Der Express fährt durch bis Kyoto. Die Bahnhofshalle ist riesig. An der riesigen Treppe (über 10 Stockwerke hoch) steht ein großer Weihnachtsbaum. Es dauert etwas, bis ich kapiere, wo die Nord-Süd-Passage verläuft. Es ist gar nicht so einfach, auf die Südeseite des Bahnhofes zu gelangen. ich habe es geschafft und scheitere nun an der Hotelsuche. Nach Plan sollte es in erster Reihe sein. Aber wo? Ich suche auch die Nebenstraßen ab. Dann endlich finde ich es. Aber wo ist der Eingang. Es ist eine kleine Tür an der Seite. Die Rezeption ist in 3F. Der Eingang ist nur ein kleiner Raum mit zwei Fahrstuhltüren. Das muß man übersehen. Geht gar nicht anders.

[Internet! Ich bin endlich wieder online und schicke die letzten 3 Tage online. Sorry für die Pause. Bilder folgen, wenn ich Zeit habe, eventuell morgen.]

*) Wenn ihr in Japan kein Schließfach für euren Koffer findet – das ist mir schon zuvor passsiert – fragt in der Touristeninfo oder sonst einen am Bahnhof nach der Möglichkeit, euren Koffer zu parken. Vor der Einführung von Schließfächern, war es in Japan üblich, daß man sein Gepäck in einem Geschäft am Bahnhof untergebracht hat. Für das Geschäft war es ein Nebenverdienst und ein weiterer Kunde. Die Tradition ist heute noch aktiv, auch wenn sie durch die Schließfächer stark abgenommen hat.

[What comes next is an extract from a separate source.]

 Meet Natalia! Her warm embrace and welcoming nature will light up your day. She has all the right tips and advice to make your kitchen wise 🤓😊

Mein Tip: Gerade in kleinen Orten mit Minibahnhof, sucht euch ein solches Geschäft. Im schlimmsten Fall zahlt ihr genauso viel wie am Schließfach und ihr müßt die Öffnungszeiten des Ladens einhalten. Im Gegenzug bekommt ihr wertvolle Tips (wenn ihr fragt) und machmal spart ihr euch die Gebühren, wenn ihr etwas kauft.

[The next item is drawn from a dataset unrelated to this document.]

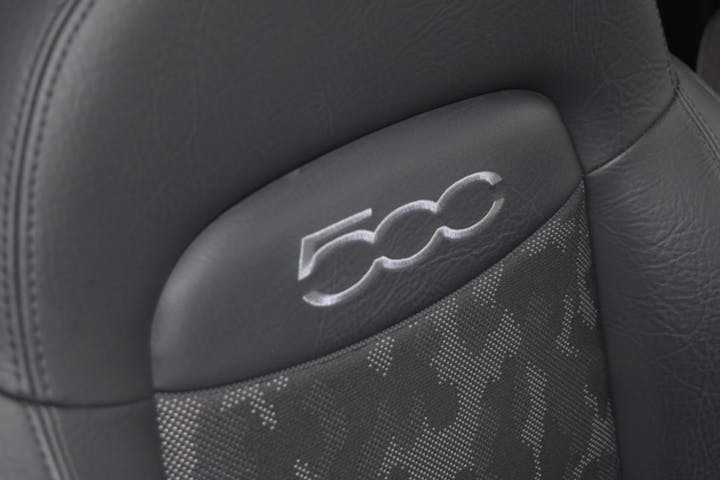 Black FIAT 500x 1.0 Firefly Turbo Cross 2022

[Bei diesem Urlaub habe ich das gas noch drei Mal gemacht. In Inuyama habe ich den Koffer beim JR Station Office deponiert, da die Schließfächer zu klein war. In Kisofukushima auch im Office, da es gar keine Schließfächer gab. In Fukui durfte ich den Koffer im Büro der Busstation abstellen, um einen schnellen Abstecher zum Eihei-ji machen zu können.]